The next few sections consider the rest of this program──stack, data, and
code.
4.4 Inside the Stack Segment
The stack segment is the easiest to create, because with simplified
segment directives you enter only one statement:
.STACK 100h ; Allocate 256-byte stack
Each processor or interrupt call uses up stack space. The stack stores
return addresses, parameters, and local variables for each procedure
called. When a procedure or interrupt routine returns, the stack space it
used is restored. The more procedure calls your program makes without
returning, the more stack area it requires. Programs that nest many
procedures or use recursion (in which a procedure calls itself repeatedly)
may require large stacks. Unfortunately, there is no formula for
determining how large a stack is needed.
A 256-byte stack (100 hexadecimal) is adequate for most small programs.
For this sample program, which makes one interrupt call but no procedure
calls, 256 bytes provides an ample margin of error.
You can also create a stack by using full segment definitions. See Section
5.2, "Full Segment Definitions," for more information.
4.5 Inside the Data Segment
A single keyword declares the beginning of the segment:
.DATA
QuickAssembler considers all statements following this line to lie in the
data segment, up until the next segment declaration or END directive. The
END directive marks the end of the source file.

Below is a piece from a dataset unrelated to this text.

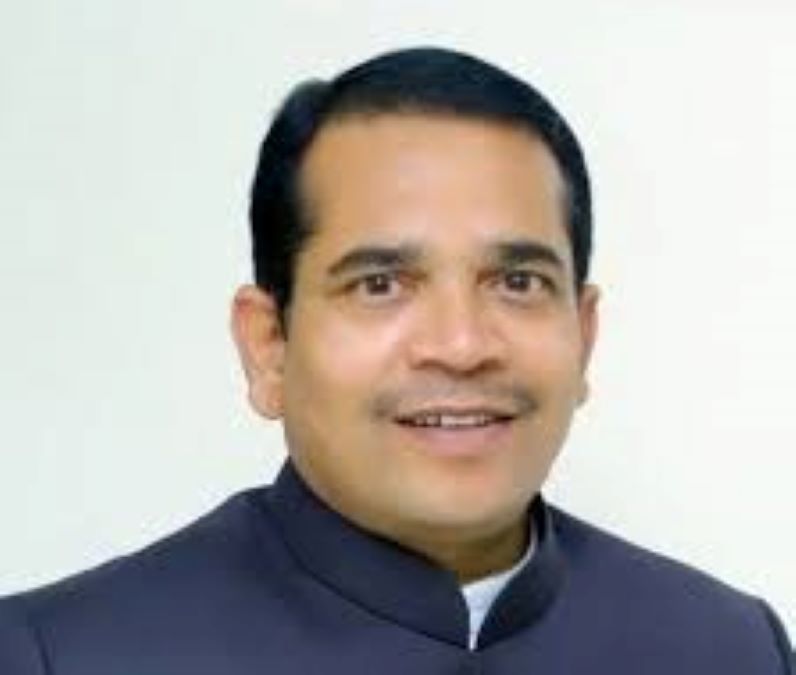 आ. अभिमन्यू पवारांच्या विरोधात 68 गावं एकवटली, पुतळा जाळला Agitation against Abhimanyu Pawar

The next two statements are directives that declare a string of characters
and a symbolic constant:
message DB "Hello, world.",13,10 ; Message to print
lmessage EQU $ - message ; Determine length of message
The first statement above declares a series of bytes. The label message is
a symbolic name that QuickAssembler associates with the string's starting
address.
The assembler allocates 15 bytes in the data segment, and initializes
these bytes to the ASCII values for H, e, l, l, o, and so forth. The
values 13 and 10 indicate a carriage return and line feed, respectively,
causing the program to move the cursor to the beginning of the next line
when it prints the string.
The second directive in the data segment declares a symbolic constant
equal to the length of the string:
lmessage EQU $ - message ; Determine length of message
Again, the item in the first column, lmessage, is the label of the
statement. The EQU directive equates the label with the value of the
operand itself. EQU does not allocate memory.
The operand field contains $ - message, which in this case equals 15. We
could just as easily have entered 15 in the operand field. However, the
item $ - message is guaranteed to be equal to the length of the string,
even if you later rewrite the initial string value.

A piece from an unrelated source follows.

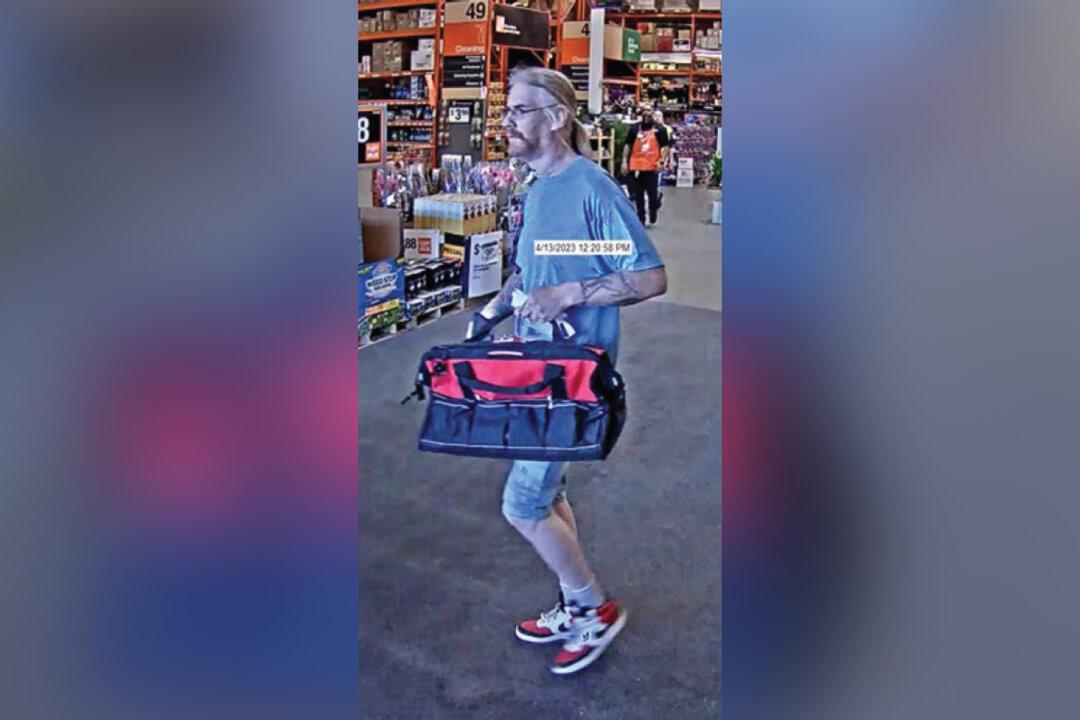 Man Accused in Harvard Bomb Threat, Extortion Plan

The dollar sign ($) is the "location counter," which represents the
current address of the statement. QuickAssembler translates the full
expression as "Take the current address ($) and subtract the address of
message." The current address is one byte after the end of the string.

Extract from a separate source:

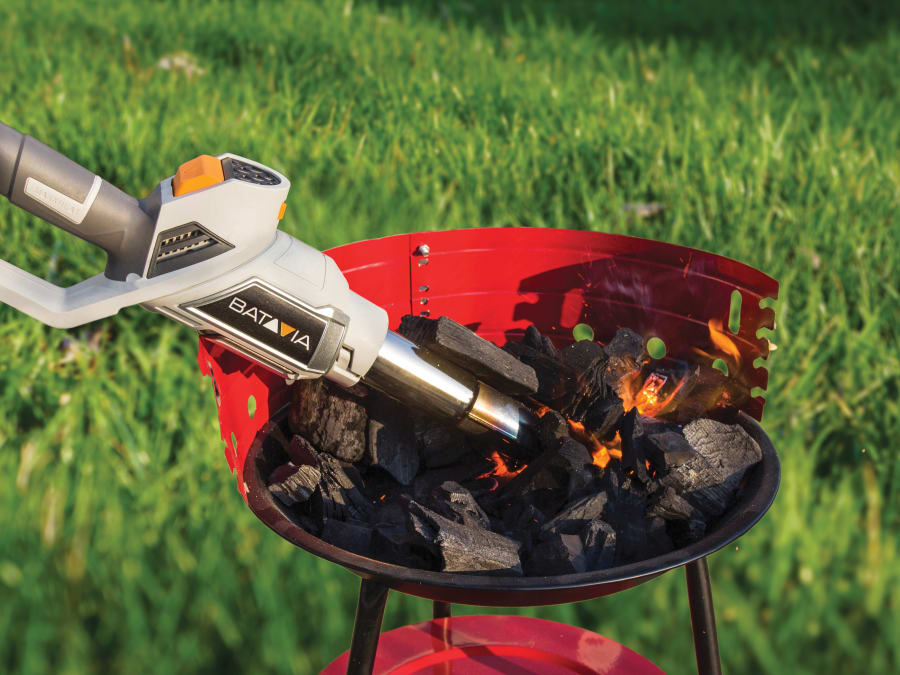 Batavia 7063679 MAXXHEAT Premium 4-in-1 Multi Heater 2500W 240V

Thus, $ - message is automatically equal to the length of the string.
4.6 Inside the Code Segment
A single keyword declares the beginning of the code segment:
.CODE
The code segment consists of all statements between .CODE and the END
statement, which marks the end of the source code. In this example, all
the statements in the code segment, aside from .STARTUP, are instructions.
The program has three basic tasks. Each instruction helps carry out one of
these operations:
1. Initialize registers
2. Call a DOS function to print the message
3. Call a DOS function to exit the program gracefully
The .STARTUP directive initializes registers. If you write a main module
without this directive, you must explicitly initialize DS, CS, and IP.
Furthermore, if you want SS to equal DS (which gives some programming
advantages), you must adjust both SS and SP.
To see how to initialize registers without the use of .STARTUP, see
Chapter 5, "Defining Segment Structure."
After registers are initialized, a series of five instructions makes the
call to DOS that prints the message:
mov bx,1 ; Load 1 - file handle for
; standard output
mov cx,lmessage ; Load length of message
mov dx,OFFSET message ; Load address of message
mov ah,40h ; Load no. of DOS Write function
int 21h ; Call interrupt 21H (DOS)
The first four instructions prepare for the DOS call. Interrupt calls
generally use registers to receive parameters. Unlike procedure calls,
they do not reference the stack for this information. The DOS Write
function uses the following registers to receive data:
Register Data
──────────────────────────────────────────────────────────────────────────
AH Selects the DOS function. 40H is the Write function.
BX File handle to which to write. The number 1 is a
reserved file handle that always corresponds to
standard output. "Standard output" is normally
synonymous with the computer screen, unless you
redirect program output. If you were writing to a
file, you would first open the file and use the file
handle returned by the DOS open-file function.
CX Length of the message. The second statement in the
data segment determined this length.
DS:DX The beginning address of the actual message text.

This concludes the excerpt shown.